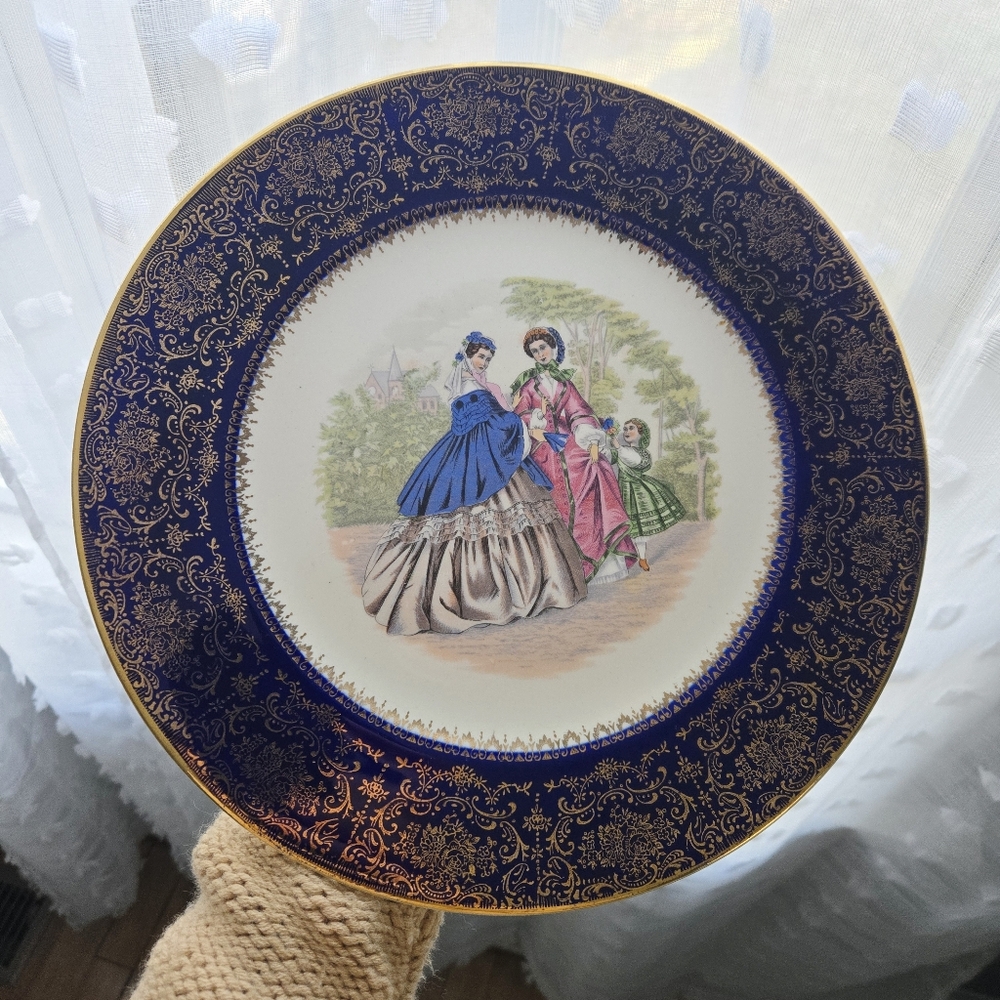 Vintage Imperial 23K Gold Painted Salem China Service Decorative Plate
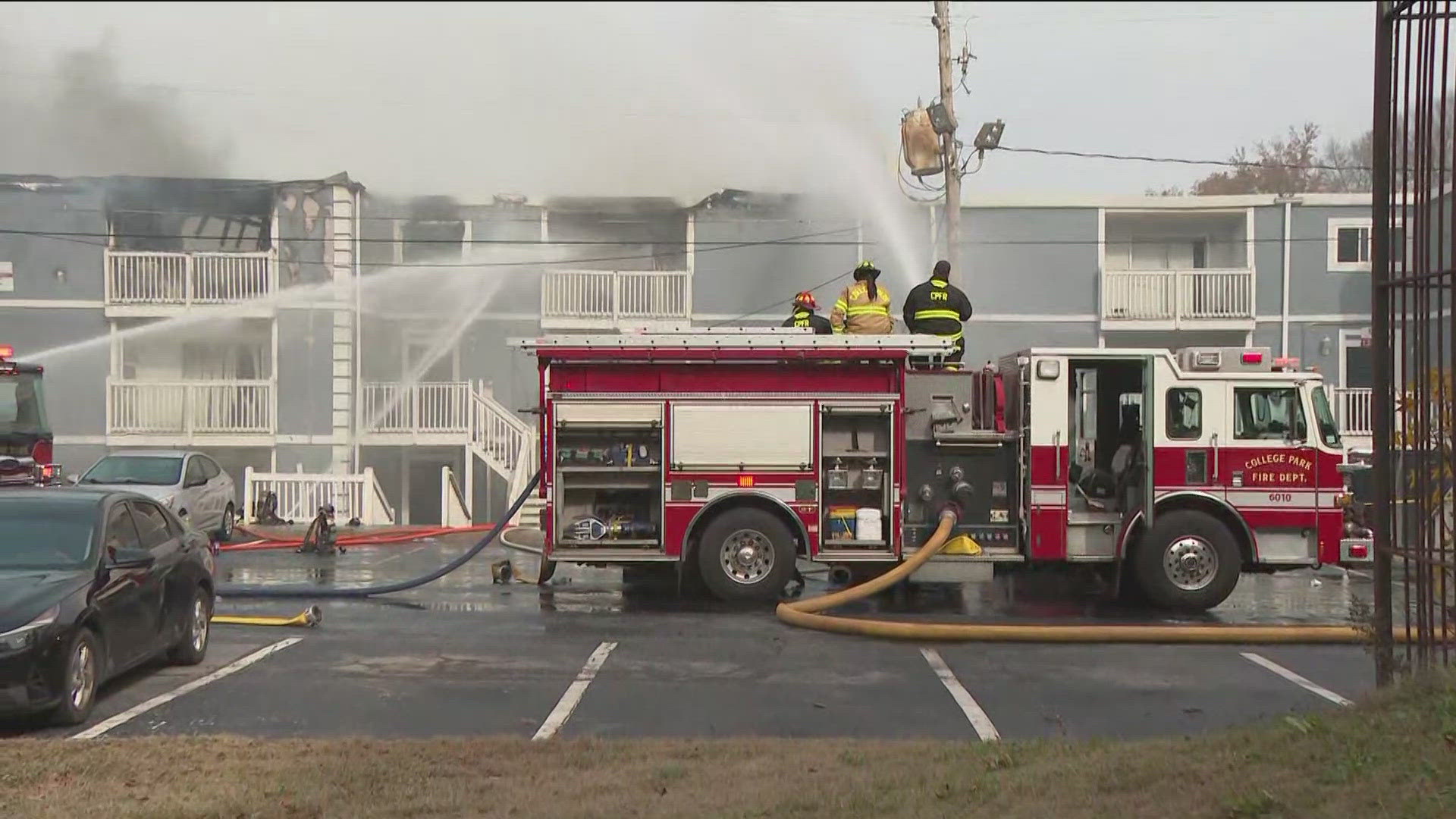 It happened at Langston Apartments on Godby Road. Fire crews had flames under control, but around 6:30 a.m., flames reignited.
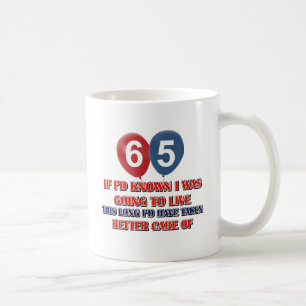 Årig födelsedag roliga 65 kaffemugg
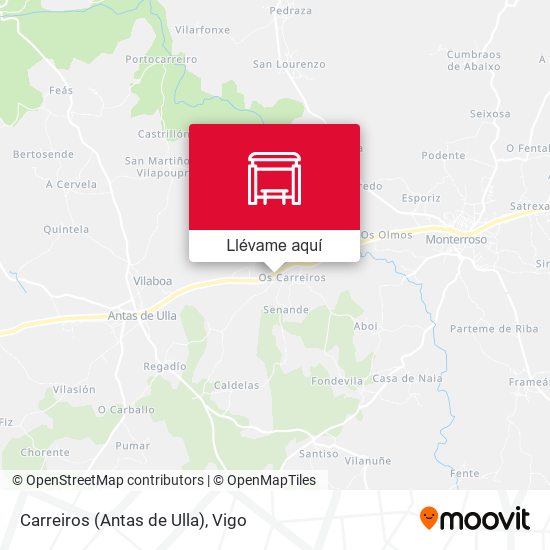 Mapa Carreiros (Antas de Ulla)
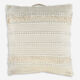 Cream Canvas Striped Floor Cushion 71x71cm - Image 1 - please select to enlarge image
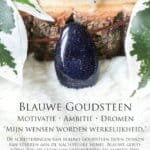 Blauwe goudsteen betekenis - Crystal Cave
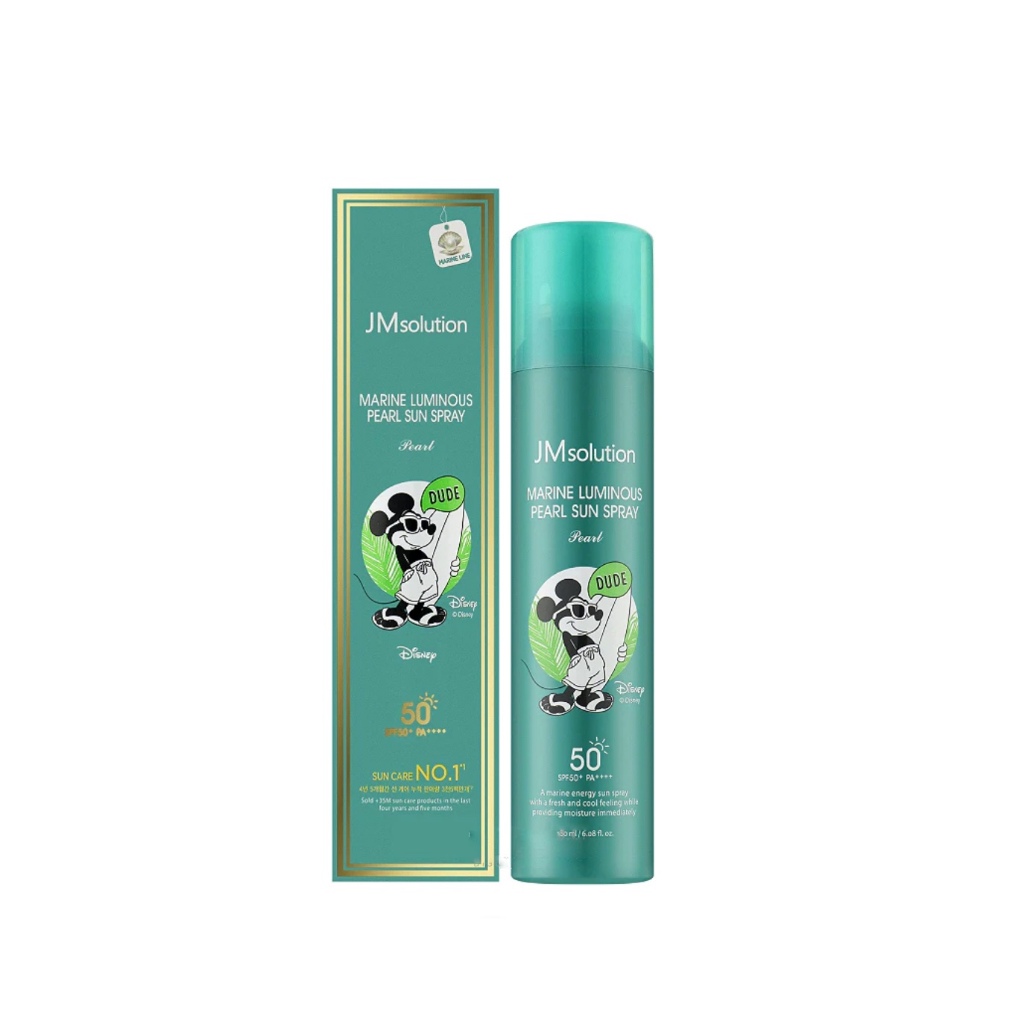 JM solution Marine Luminous Pearl Sun Spray SPF50+ PA++++ / Glow ...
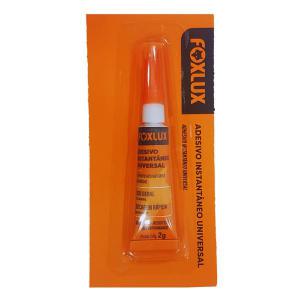 Cola Adesiva Instantanea Universal 2Gr - Foxlux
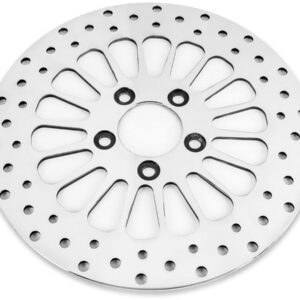 Super Spoke Brake Rotor Stainless Steel Polished 11,8" Front
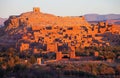 Ksar of Ait-Ben-Haddou at sunrise, Morocco. Royalty Free Stock Photo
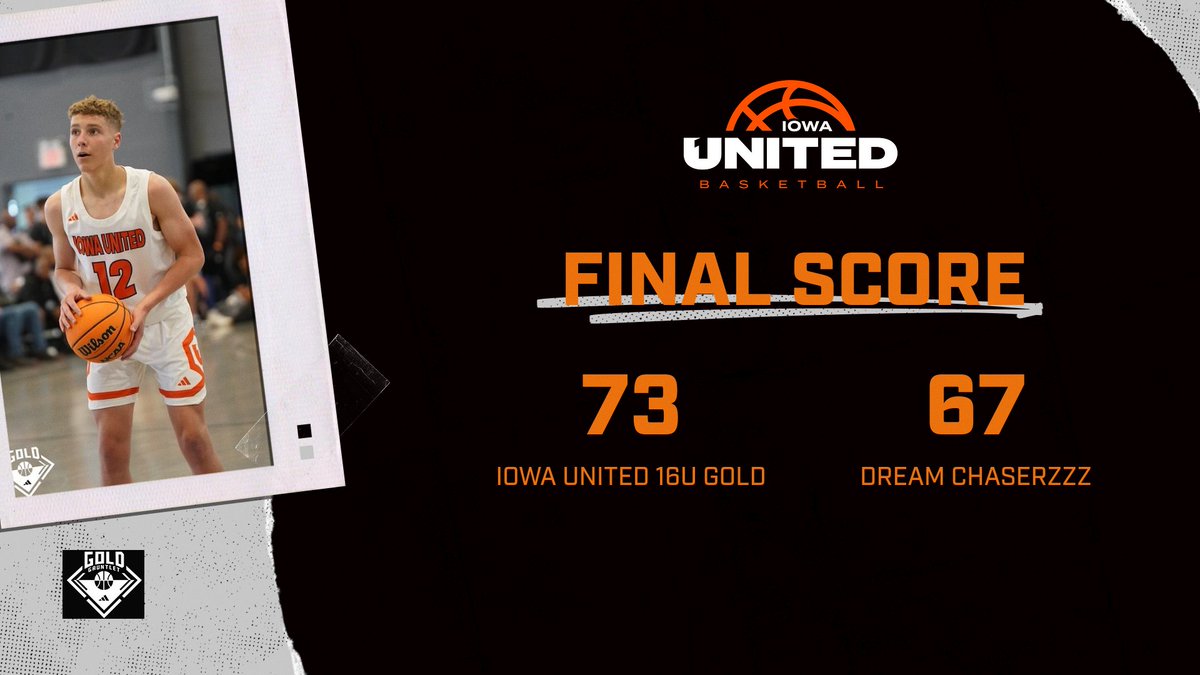 Iowa United (@teamiowaunited) on Twitter photo 16U with the win to move to 2-0 on the weekend.
<a href="/3StripesGOLD/">3Stripes GOLD Basketball</a>
Team Leaders:
<a href="/BrockBadding/">Brock Badding</a> 30 PTS
<a href="/nolimitsmax11/">Max Roach</a> 10 PTS / 9AST
<a href="/landonmdavis16/">Landon_Davis</a> 14PTS 16U with the win to move to 2-0 on the weekend.
<a href="/3StripesGOLD/">3Stripes GOLD Basketball</a>
Team Leaders:
<a href="/BrockBadding/">Brock Badding</a> 30 PTS
<a href="/nolimitsmax11/">Max Roach</a> 10 PTS / 9AST
<a href="/landonmdavis16/">Landon_Davis</a> 14PTS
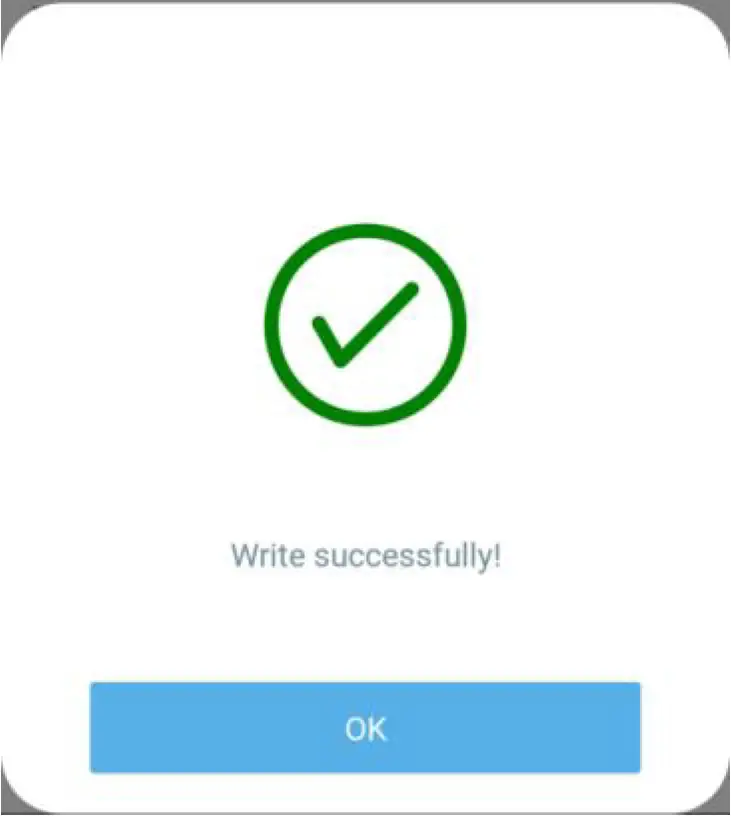 Read or Write Configuration via NFC 06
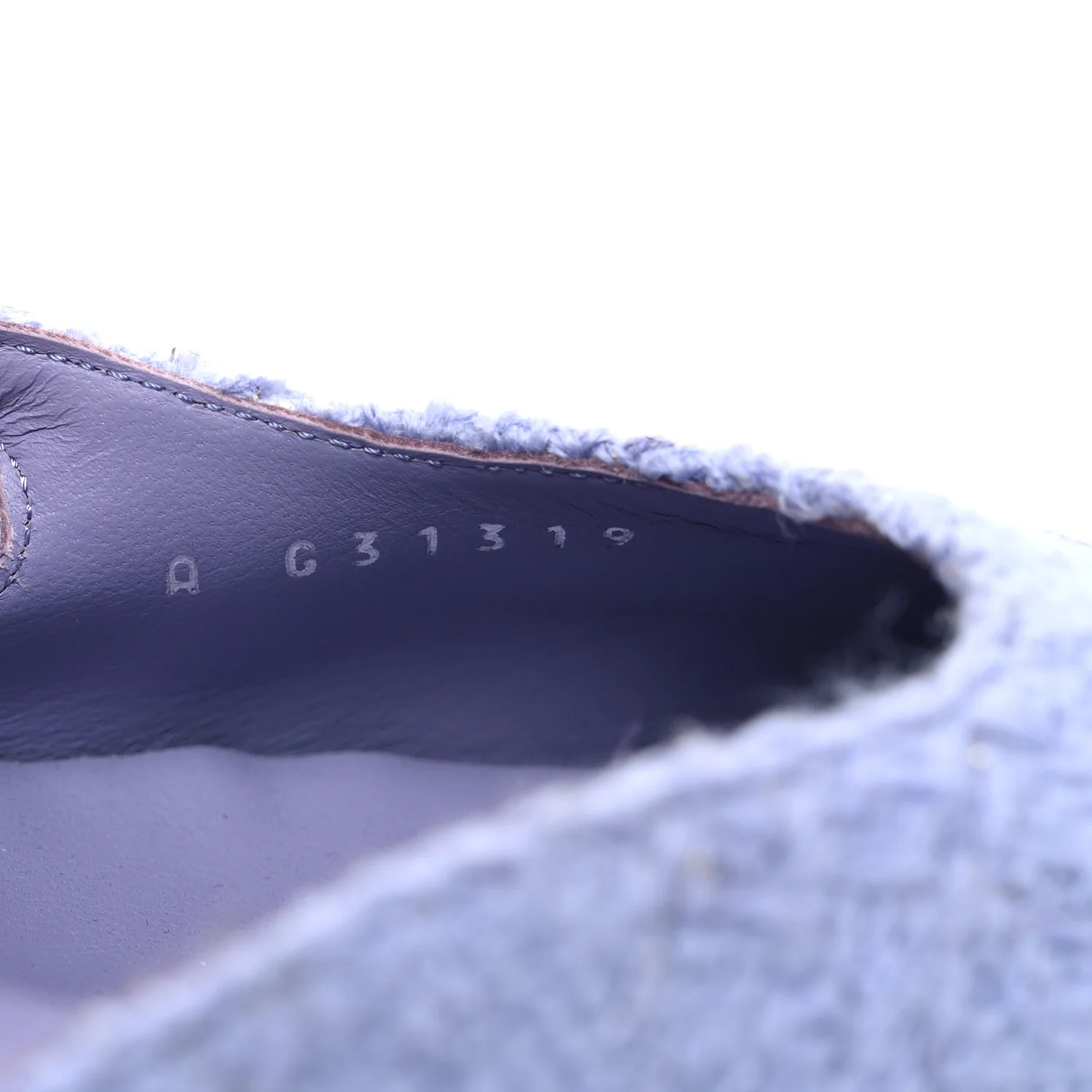 Iridescent Wool Tweed Patent Cap Toe CC Slingback Flats 40 Light Purple Silver Black - Top Club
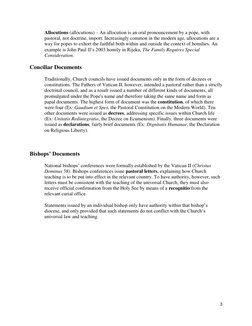 Types of Catholic Church Documents | PDF | Second Vatican Council ...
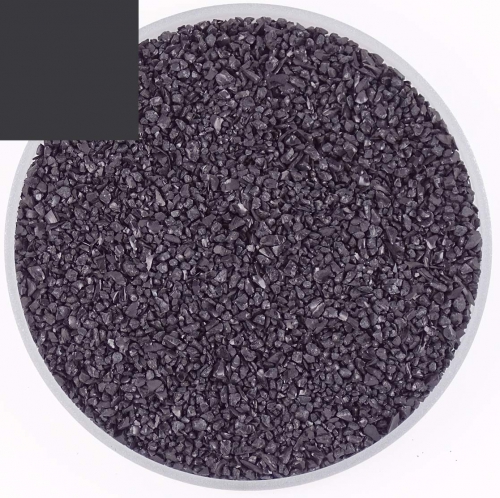 Optul Glass,float frit,granulate 3,medium,COE 82,transparent,black,code 0025,ca. 100 g,item number 3591523.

= = = = =

## Aim of the task
Without the pictures, give the entries above back exactly.

## Expected answer
 Vintage Imperial 23K Gold Painted Salem China Service Decorative Plate
 It happened at Langston Apartments on Godby Road. Fire crews had flames under control, but around 6:30 a.m., flames reignited.
 Årig födelsedag roliga 65 kaffemugg
 Mapa Carreiros (Antas de Ulla)
 Cream Canvas Striped Floor Cushion 71x71cm - Image 1 - please select to enlarge image
 Blauwe goudsteen betekenis - Crystal Cave
 JM solution Marine Luminous Pearl Sun Spray SPF50+ PA++++ / Glow ...
 Cola Adesiva Instantanea Universal 2Gr - Foxlux
 Super Spoke Brake Rotor Stainless Steel Polished 11,8" Front
 Ksar of Ait-Ben-Haddou at sunrise, Morocco. Royalty Free Stock Photo
 Iowa United (@teamiowaunited) on Twitter photo 16U with the win to move to 2-0 on the weekend.
<a href="/3StripesGOLD/">3Stripes GOLD Basketball</a>
Team Leaders:
<a href="/BrockBadding/">Brock Badding</a> 30 PTS
<a href="/nolimitsmax11/">Max Roach</a> 10 PTS / 9AST
<a href="/landonmdavis16/">Landon_Davis</a> 14PTS 16U with the win to move to 2-0 on the weekend.
<a href="/3StripesGOLD/">3Stripes GOLD Basketball</a>
Team Leaders:
<a href="/BrockBadding/">Brock Badding</a> 30 PTS
<a href="/nolimitsmax11/">Max Roach</a> 10 PTS / 9AST
<a href="/landonmdavis16/">Landon_Davis</a> 14PTS
 Read or Write Configuration via NFC 06
 Iridescent Wool Tweed Patent Cap Toe CC Slingback Flats 40 Light Purple Silver Black - Top Club
 Types of Catholic Church Documents | PDF | Second Vatican Council ...
 Optul Glass,float frit,granulate 3,medium,COE 82,transparent,black,code 0025,ca. 100 g,item number 3591523.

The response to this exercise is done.